Did the dry summer connect in any way with snowfall totals during the winter? There is perhaps no way to know. All you can do is look at history.
After examining the winters following the dry years of 1991, 1988, 1983, 1951, 1936 and 1934, snowfall for Dec 1 through Feb. 28 at Indianapolis in each of those winters was below normal, sometimes barely, sometimes by a lot. The same was true at South Bend, except for 1984, when South Bend received 83 inches. For Evansville, two years were higher, and two lower, and no data was available for 1935 and 1937.
This year, following one of the hottest, driest summers on record, snowfall totals through the three-month period that ag climatologists count as winter wound up about three inches below normal at Indianapolis, several inches below normal at South Bend, and just a few inches above normal at Evansville. Nearly all of Evansville's snow came in the after-Christmas snow event. The area received hardly any snow in January and February, totaling less than two inches for both months combined this year.
Snowfall this winter is far from record setting, either on the low or high side. At Indianapolis, for example, the all-time low ever recorded was 2.9 inches in 1972. Only 3.9 inches fell in 1997. At Evansville, the lowest actually came in 2011, at 0.4 inches. South Bend also recorded only 14.7 inches that year.

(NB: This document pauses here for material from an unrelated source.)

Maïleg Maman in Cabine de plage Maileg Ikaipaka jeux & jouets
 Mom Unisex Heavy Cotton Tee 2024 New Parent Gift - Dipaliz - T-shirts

On the high side, Indianapolis received 51 inches in 1981, followed by 49.7 inches in 1977. Evansville saw 27.8 inches in 1977 and 28.5 in 1976. Believe it or not, the 83 inches South Bend received in 1984 didn't even make the top five for snowfall. The most ever recorded was 136.3 inches, nearly 12 feet, in 1977. More than 100 inches fell in both 1976 and 1985.
Records for these snow totals go back to 1947.